YOUR TASK: Reproduce the material below only from the line with "Load image into" to the line with "for Samsung Galaxy", both included, keeping each line exact and dropping the pictures.

MATERIAL FOR THIS EXERCISE:
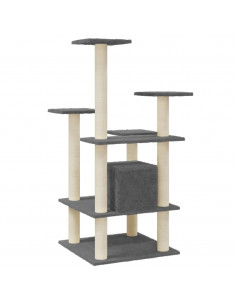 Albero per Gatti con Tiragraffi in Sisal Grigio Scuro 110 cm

--

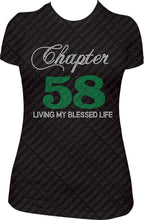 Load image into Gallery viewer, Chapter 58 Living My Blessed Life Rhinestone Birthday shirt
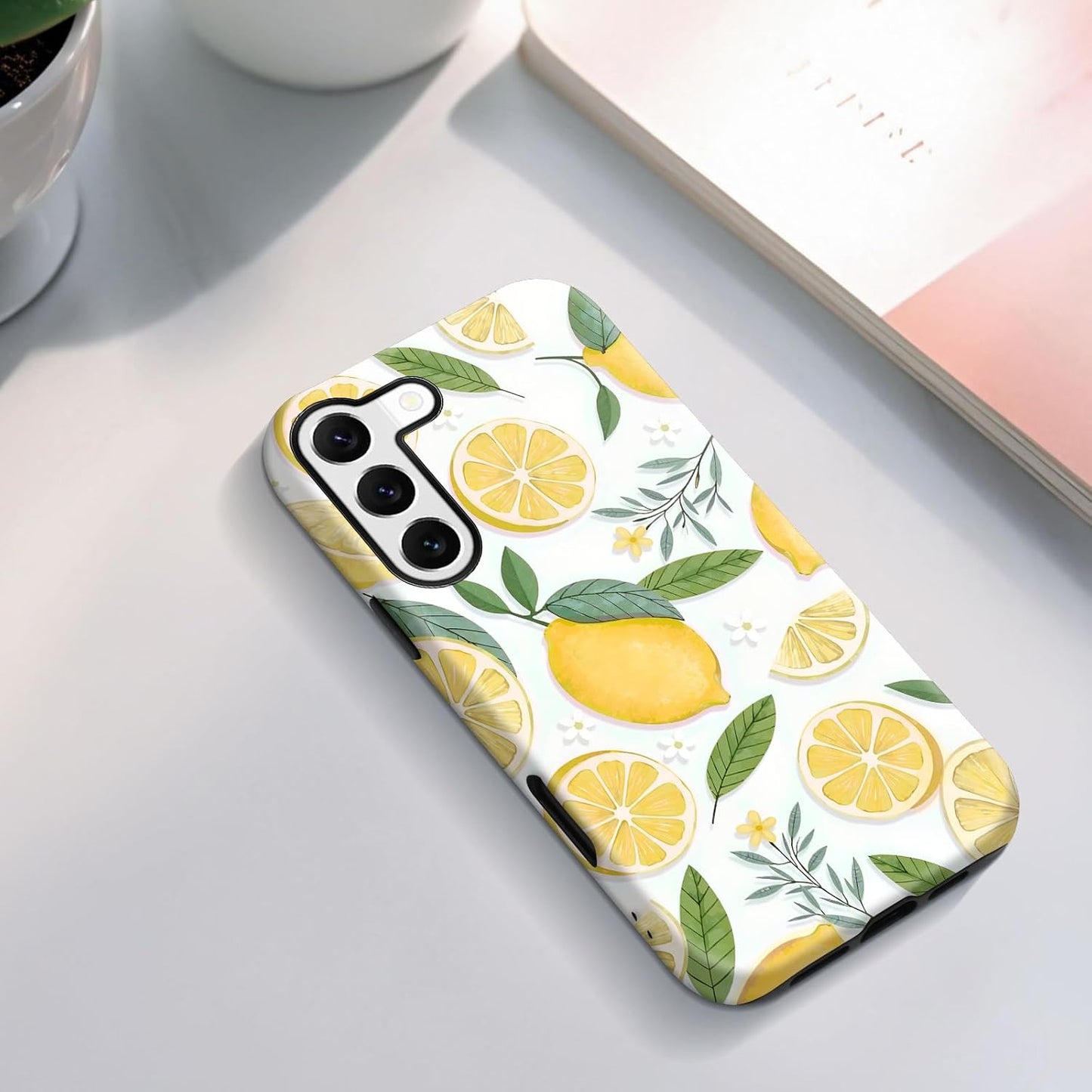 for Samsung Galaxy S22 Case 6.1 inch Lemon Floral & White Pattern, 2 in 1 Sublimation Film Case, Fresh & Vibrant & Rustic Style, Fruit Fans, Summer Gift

FINISHED TASK:
 Load image into Gallery viewer, Chapter 58 Living My Blessed Life Rhinestone Birthday shirt
 for Samsung Galaxy S22 Case 6.1 inch Lemon Floral & White Pattern, 2 in 1 Sublimation Film Case, Fresh & Vibrant & Rustic Style, Fruit Fans, Summer Gift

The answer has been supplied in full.